Try it: In the entries that follow, the lines from the line containing "full bathroom with" up to and including the line containing "a young man" must be copied exactly, with pictures omitted.

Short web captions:
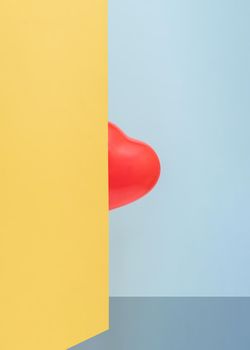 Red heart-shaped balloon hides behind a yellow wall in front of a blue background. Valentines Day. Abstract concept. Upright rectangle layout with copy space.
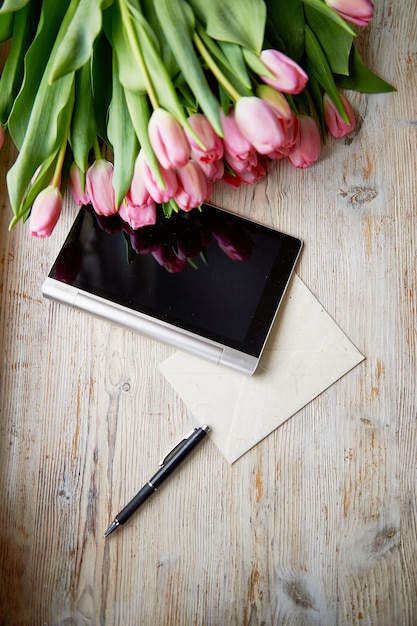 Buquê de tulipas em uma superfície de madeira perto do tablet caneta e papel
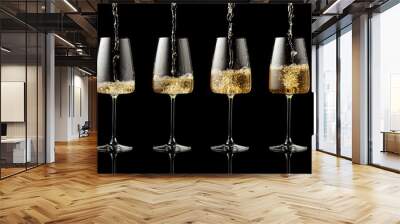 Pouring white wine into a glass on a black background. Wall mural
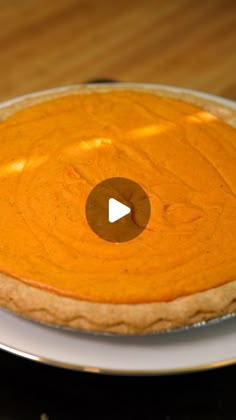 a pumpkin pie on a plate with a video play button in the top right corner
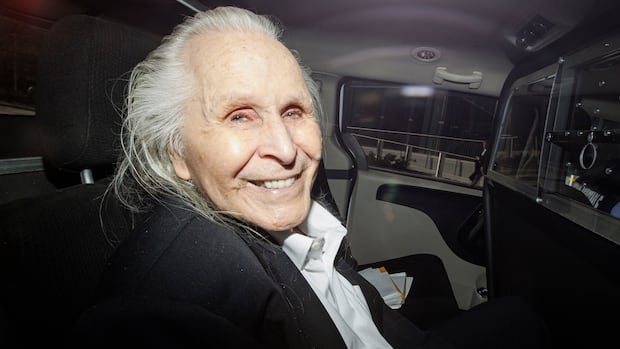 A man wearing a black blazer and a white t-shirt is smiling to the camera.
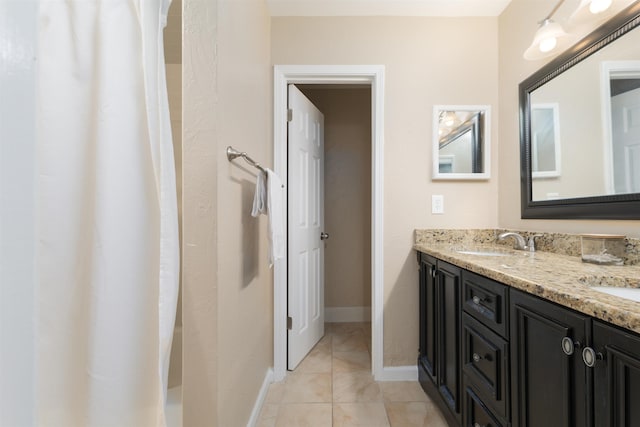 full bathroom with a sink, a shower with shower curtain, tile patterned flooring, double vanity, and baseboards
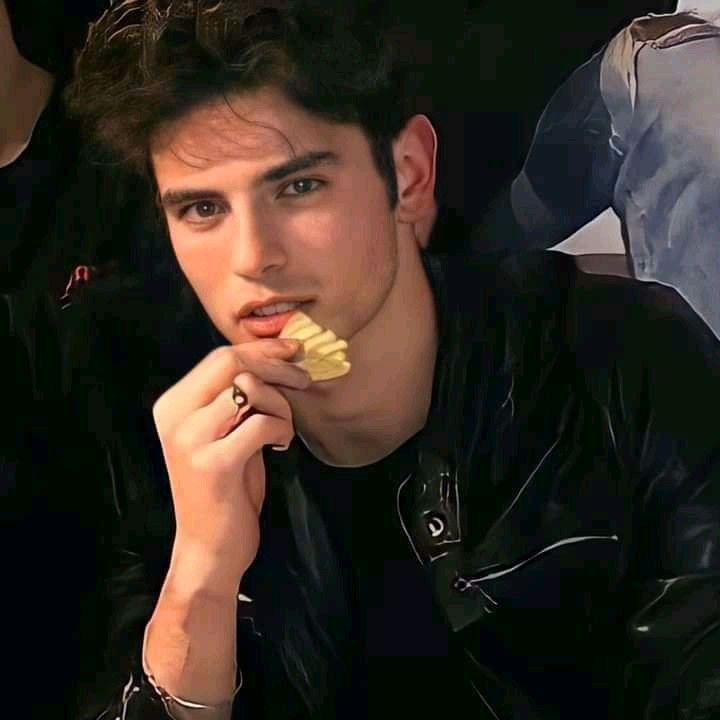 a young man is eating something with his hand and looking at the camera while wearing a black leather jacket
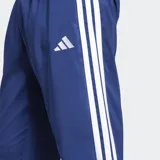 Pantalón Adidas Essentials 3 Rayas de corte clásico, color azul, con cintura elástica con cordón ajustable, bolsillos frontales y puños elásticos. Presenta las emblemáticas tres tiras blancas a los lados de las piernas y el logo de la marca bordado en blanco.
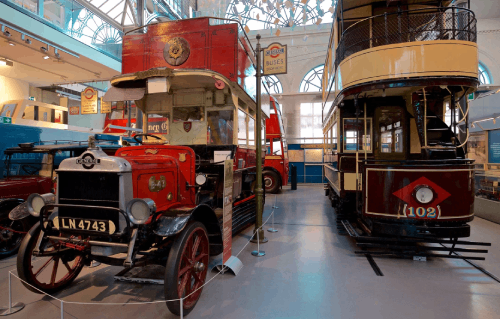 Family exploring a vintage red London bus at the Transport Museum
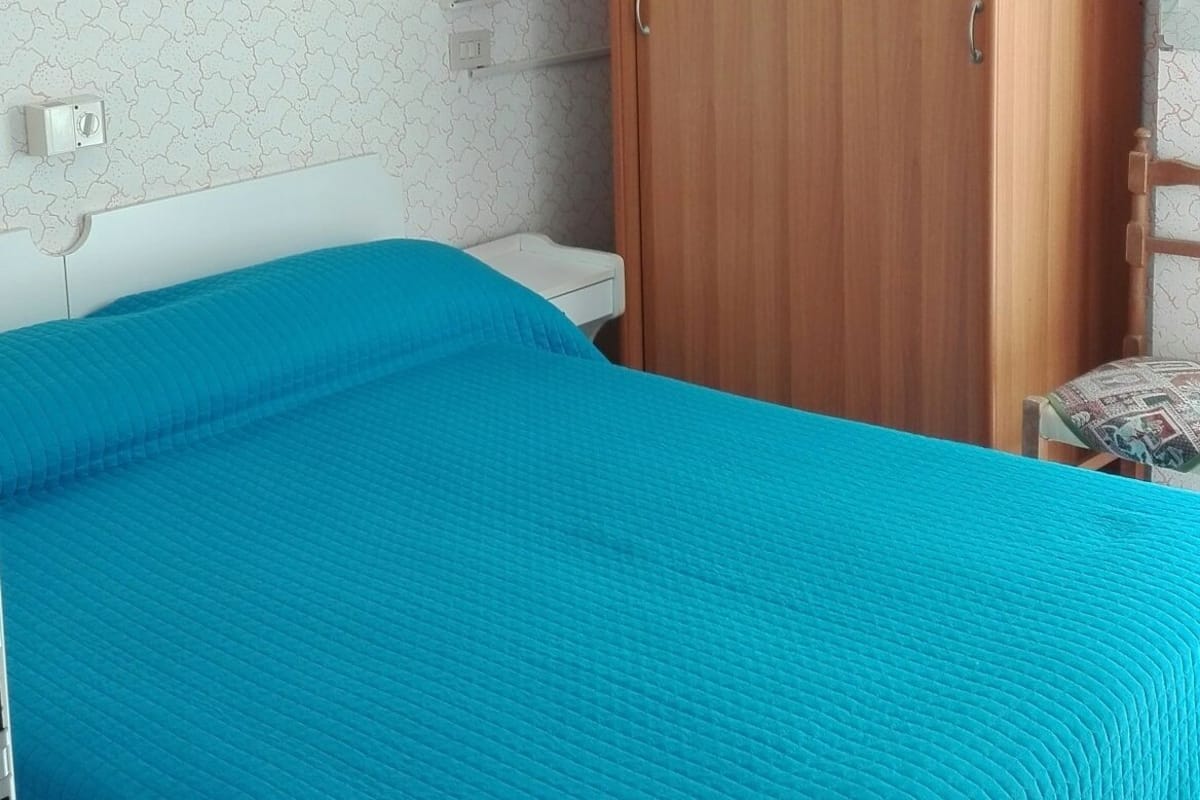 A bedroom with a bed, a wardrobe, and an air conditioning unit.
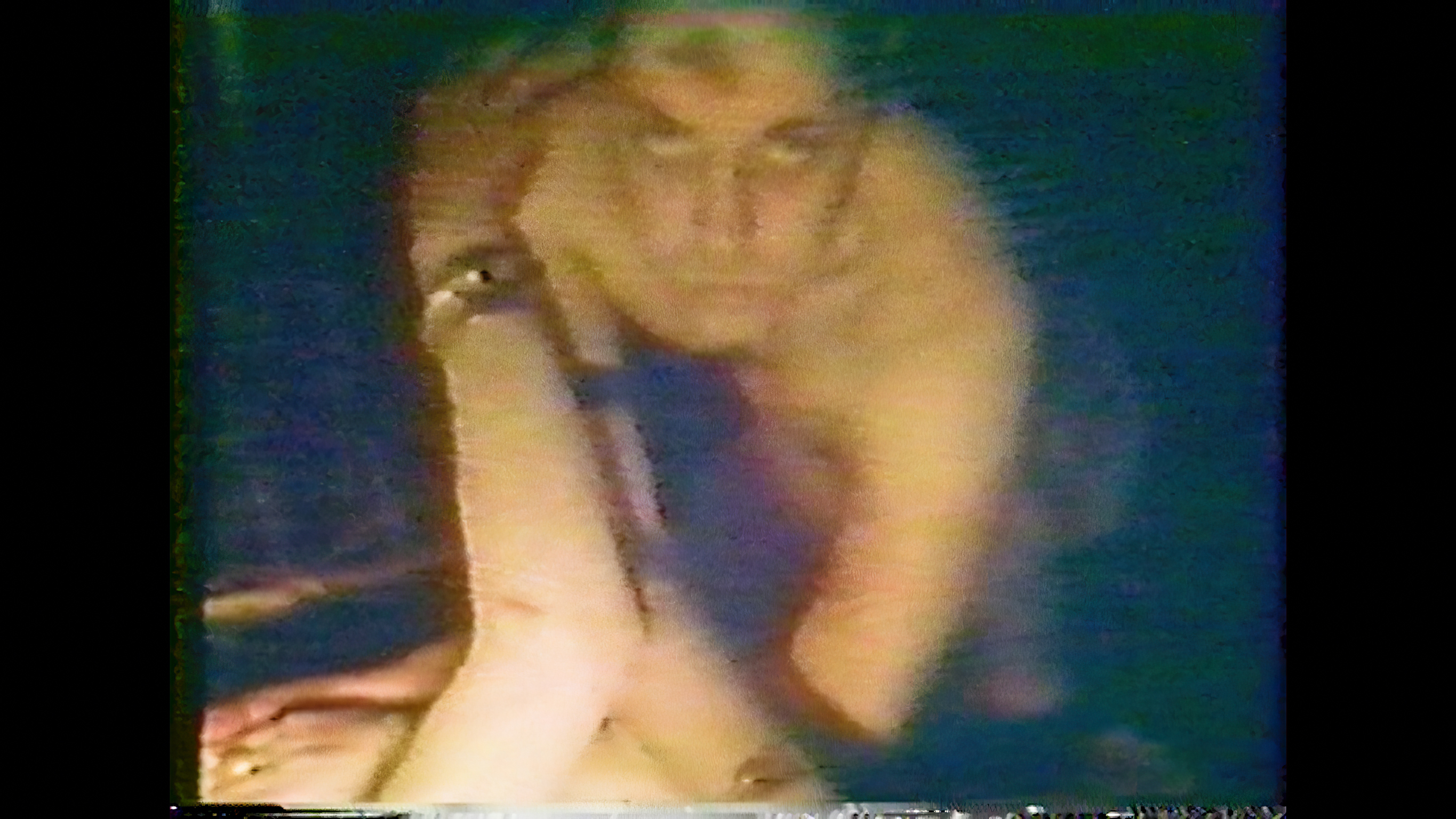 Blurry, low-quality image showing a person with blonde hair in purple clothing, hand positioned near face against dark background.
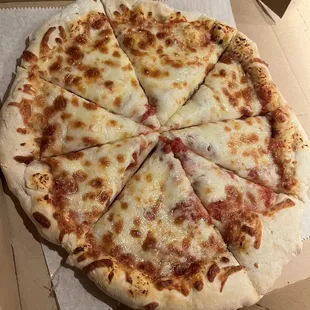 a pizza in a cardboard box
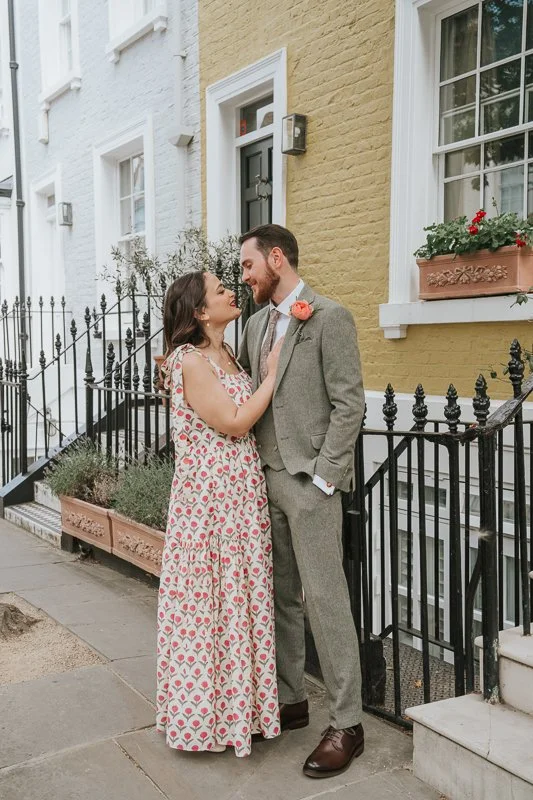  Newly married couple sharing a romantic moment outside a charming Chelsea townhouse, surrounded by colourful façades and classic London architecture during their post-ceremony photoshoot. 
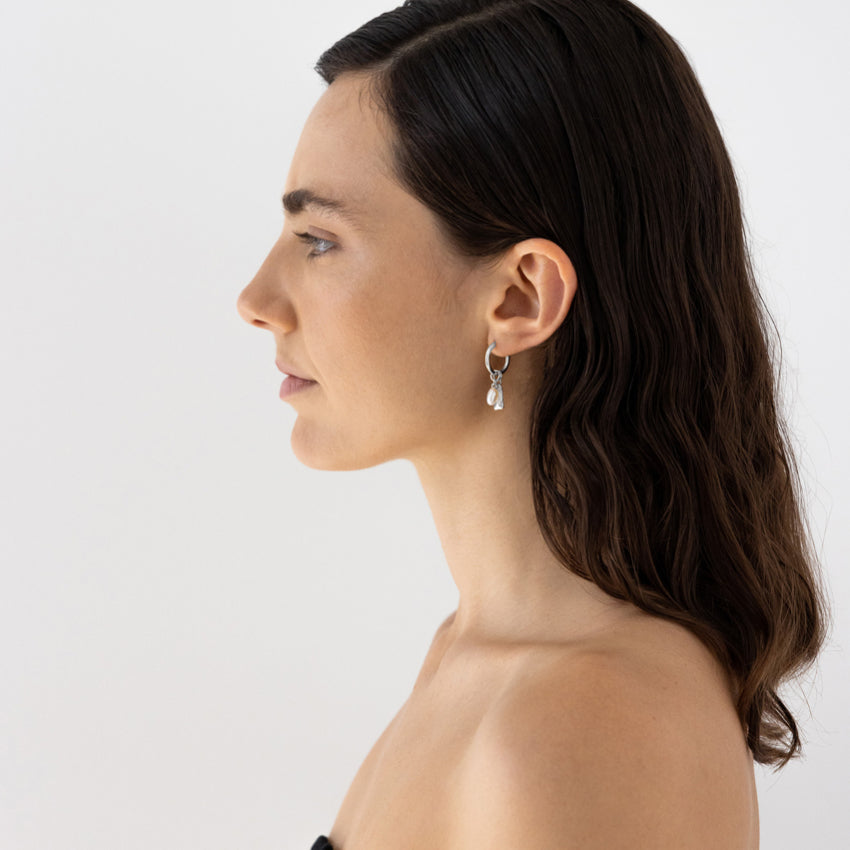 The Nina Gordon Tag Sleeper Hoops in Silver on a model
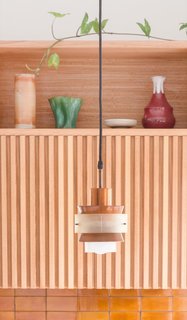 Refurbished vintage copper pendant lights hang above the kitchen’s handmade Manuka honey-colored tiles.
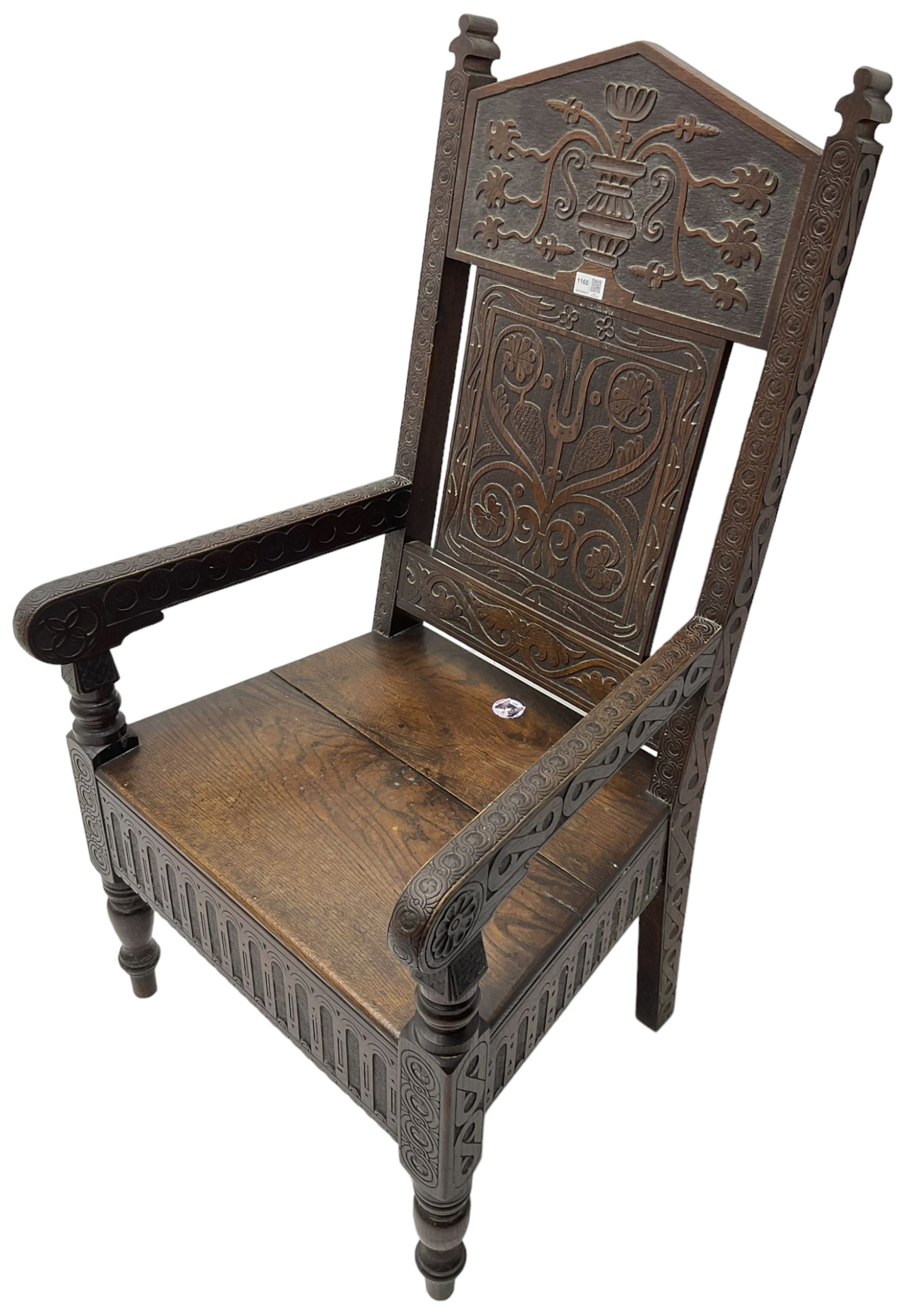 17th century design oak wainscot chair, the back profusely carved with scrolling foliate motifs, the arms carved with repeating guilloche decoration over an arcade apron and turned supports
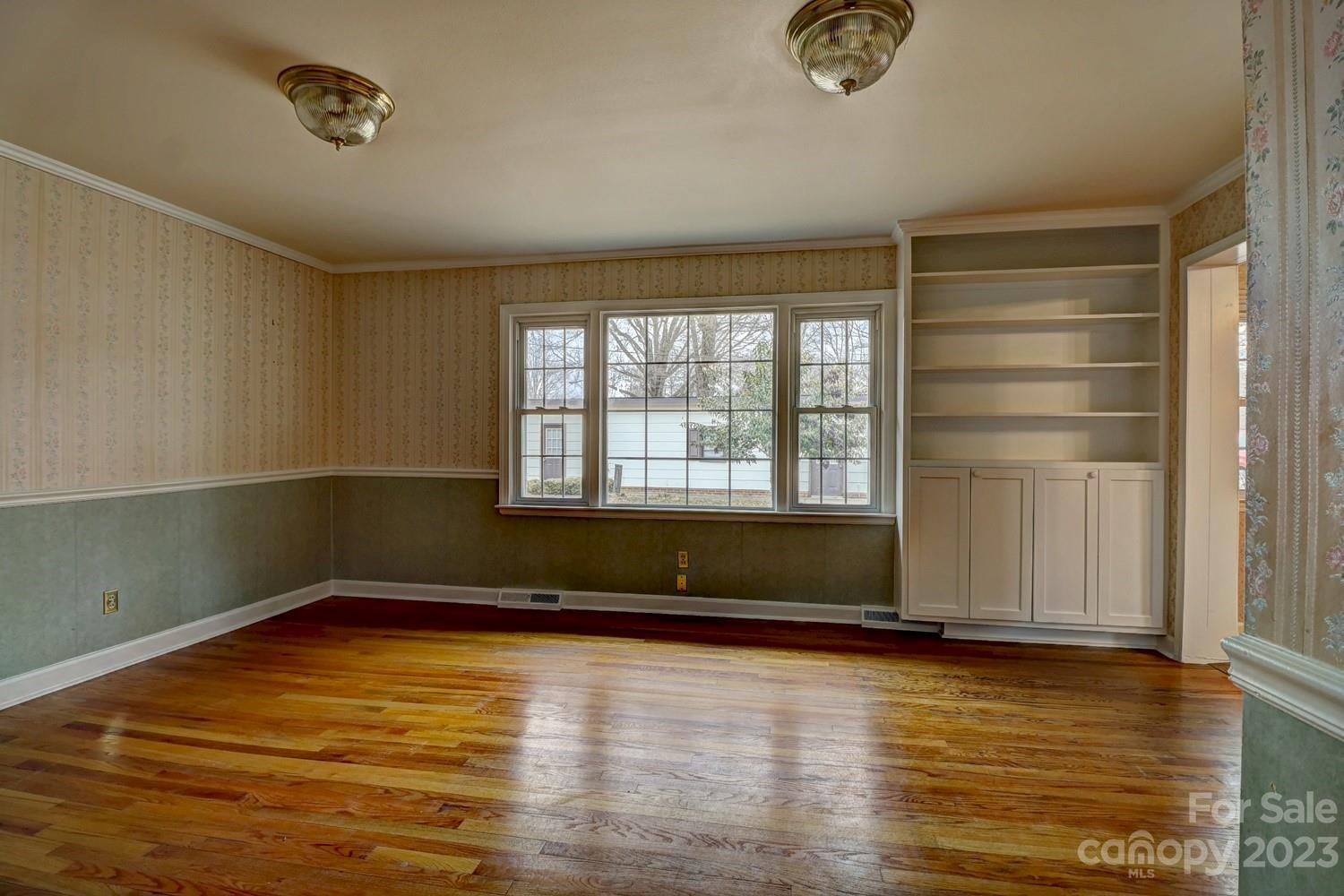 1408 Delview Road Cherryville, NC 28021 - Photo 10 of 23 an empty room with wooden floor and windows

Solution for this exercise:
 full bathroom with a sink, a shower with shower curtain, tile patterned flooring, double vanity, and baseboards
 a young man is eating something with his hand and looking at the camera while wearing a black leather jacket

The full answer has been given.